Keep your dogs/cats microchip number and microchip database phone number in a safe place! Add your dog to your mobile phone contacts and include along with their microchip number and database contact info, insurance policy number with the contact number and the local dog wardens numbers.
* Neuter your pet as this can reduce the likelihood of roaming and make them less attractive to pet thieves. Dogs are likely to be sold on if neutered but used for breeding if not!
* Make sure your pet is wearing a collar with an ID tag and that it is up to date. It is a legal requirement for a dog to have an ID tag with your name and address on it. We also recommend including your mobile phone number on any ID tag as this can help reunite you with your pet quickly should they ever get lost.
* Microchip your pets . It has been a legal requirement to have your dog microchipped in England and Wales since April 2016. Please check that your dogs chip is registered with up to date contact details, since the new legislation was introduced there have been many mistakes made by the databases. If you have imported or bought an overseas puppy/dog you must register the microchip on a UK database.
• Decide who owns the dog in your household. Discuss who would own the dog in the event of bereavement or break up and draw up documentation to this effect. This may seem unnecessary, but pets can become the centre of ownership disputes in these circumstances.
• If you find a stray dog or cat take them to a vet to be scanned. You must by law report a found stray dog to the local animal warden. Keeping a stray dog can result in you being charged with ‘Theft of an animal by finding’
DogLost Award-winning DogLost is the country’s premier pet reunification service. Its automated alerts and poster generation is supported by a network of volunteers who offer advice and support on the ground as well as the website. It works closely with the police, dog wardens and rescues and it is at the forefront of fighting back against the rising crime of dog theft. The service is entirely free to owners and it helped more than 12,000 last year.
Pet Theft Awareness This is our chance to highlight to a wider audience the misery that thieves are causing by stealing pets and horses. We have three main aims: Prevention, guidance to victims, and to campaign for tougher laws. If you own a pet the chances are that someone else will want it! Some will be irreplaceable pets and many will be highly trained and valuable working dogs.
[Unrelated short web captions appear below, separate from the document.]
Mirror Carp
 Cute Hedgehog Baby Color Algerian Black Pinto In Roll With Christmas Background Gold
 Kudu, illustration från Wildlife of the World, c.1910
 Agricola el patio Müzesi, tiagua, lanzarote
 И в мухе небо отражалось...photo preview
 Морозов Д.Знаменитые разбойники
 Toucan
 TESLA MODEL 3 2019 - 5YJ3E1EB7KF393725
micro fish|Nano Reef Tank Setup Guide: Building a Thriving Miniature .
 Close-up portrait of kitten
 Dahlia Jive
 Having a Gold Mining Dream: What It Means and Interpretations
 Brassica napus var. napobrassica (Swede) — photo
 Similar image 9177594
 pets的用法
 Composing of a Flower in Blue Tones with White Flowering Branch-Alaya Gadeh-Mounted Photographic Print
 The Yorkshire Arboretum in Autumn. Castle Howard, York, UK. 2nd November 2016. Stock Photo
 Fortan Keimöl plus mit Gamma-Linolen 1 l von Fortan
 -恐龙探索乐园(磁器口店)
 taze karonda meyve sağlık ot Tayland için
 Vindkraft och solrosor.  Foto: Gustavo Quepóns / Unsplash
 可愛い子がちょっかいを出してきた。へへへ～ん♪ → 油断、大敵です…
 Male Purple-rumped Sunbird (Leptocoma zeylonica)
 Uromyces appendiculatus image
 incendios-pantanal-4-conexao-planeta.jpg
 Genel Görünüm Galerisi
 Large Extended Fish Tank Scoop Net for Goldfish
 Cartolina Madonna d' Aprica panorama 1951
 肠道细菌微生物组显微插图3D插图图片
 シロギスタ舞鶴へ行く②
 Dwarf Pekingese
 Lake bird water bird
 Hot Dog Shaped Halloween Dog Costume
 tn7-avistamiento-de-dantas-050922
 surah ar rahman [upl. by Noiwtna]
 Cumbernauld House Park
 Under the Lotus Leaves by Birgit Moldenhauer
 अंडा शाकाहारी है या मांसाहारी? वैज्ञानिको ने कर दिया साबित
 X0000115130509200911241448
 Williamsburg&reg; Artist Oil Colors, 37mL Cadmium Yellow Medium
Vets Get Scanning When Sir Bruce Forsyth’s daughter’s microchipped dogs were stolen in May’06, the family found out how the microchip system in place was letting responsible pet owners down. They have been campaigning to get compulsory microchip scanning by vets, rescues, dog wardens and other authorities dealing with deceased pets. You only find out how microchipping does not work when your pet goes missing!